We take every opportunity we can to show you the work of Renato Casaro, even when it's used to promote a movie as bad as Carogne si nasce. Casaro painted a lot of spaghetti western posters but this one is a bit more intense than most. There's a reason for that—the character he painted was intense. The movie is known in English as Cry of Death, and it deals with conflict that erupts between squatters and ranchers in fictional Houstonville, Texas, and the marshal—Glenn Saxson—who first tries to stay out of it, but later chooses a side when he realizes that inside the land rights struggle is a deeper problem regarding someone's secret past and corruption amongst the town bigwigs.
This is one cheap-ass movie. The budget is exemplified by a barroom brawl during which a character is shoved through a cardboard wall. Every castmember is a b-level actor at best. And the script—don't even bring up the script. It's like it was accidentally shot full of holes during one of the gunfights. But we'll give this cheeseball movie one thing—the main bad guy is amazing. He's played by ex-bodybuilder Gordon Mitchell, and he looks like a demon wearing bronzer. Spaghetti western producers were good at casting villains, and Mitchell fits the tradition with a capital V. Otherwise, this flick—even with its final act twist—is nowheresville. Carogne si nasce premiered in Italy today in 1968
That's right. I'm the bad guy. You never guessed, did you? I'm pure evil, but I can smile winningly. See? Though I'm from hell and consume only souls, I can mimic human rituals such as drinking beer. But I don't mimic swallowing it.
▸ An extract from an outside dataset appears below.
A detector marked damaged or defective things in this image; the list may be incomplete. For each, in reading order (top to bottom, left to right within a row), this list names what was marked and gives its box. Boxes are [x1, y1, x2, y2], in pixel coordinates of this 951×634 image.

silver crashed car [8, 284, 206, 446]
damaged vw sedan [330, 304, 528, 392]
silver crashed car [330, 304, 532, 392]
My master should serve this pisswater to the thirsty wretches in his realm.
The first step in any investigation is to get your translations right.
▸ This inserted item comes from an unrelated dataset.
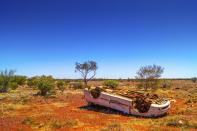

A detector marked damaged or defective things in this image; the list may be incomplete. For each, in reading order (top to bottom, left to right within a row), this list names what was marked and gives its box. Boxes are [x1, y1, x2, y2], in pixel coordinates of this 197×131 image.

overturned white car [84, 87, 170, 117]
Dagli archivi della polizia criminale, which premiered in Italy today in 1973, falls into the category of Italian cinema known as poliziottesco. Apparently, this never had a U.S. release, since it lacks an English title, but the Italian title translates as “from the criminal police archives.” Sounds pretty straightforward. We gave it a watch and it's an incredibly cheesy thriller about the chase for microfilm containing information that could smash a Tunisian drug ring. The cops had it at one point, but the chief inspector stored it in the largest but least safe safe in town and it was immediately stolen by an opportunistic officer with predatory capitalist tendencies. Now the police are looking for him, the crooks are looking for him, and both the cops and robbers are taking bullets and beatings all over the place. The movie stars Edmund Purdom, a prolific but somewhat unknown actor, and has a supporting cast featuring Cleofe Del Cile, Sergio Ciani, Miriam Alex as an investigative journalist, bodybuilder Gordon Mitchell, and bodybuilt Zula, who does a nude dance number in what's supposed to be a Tunisian nightclub.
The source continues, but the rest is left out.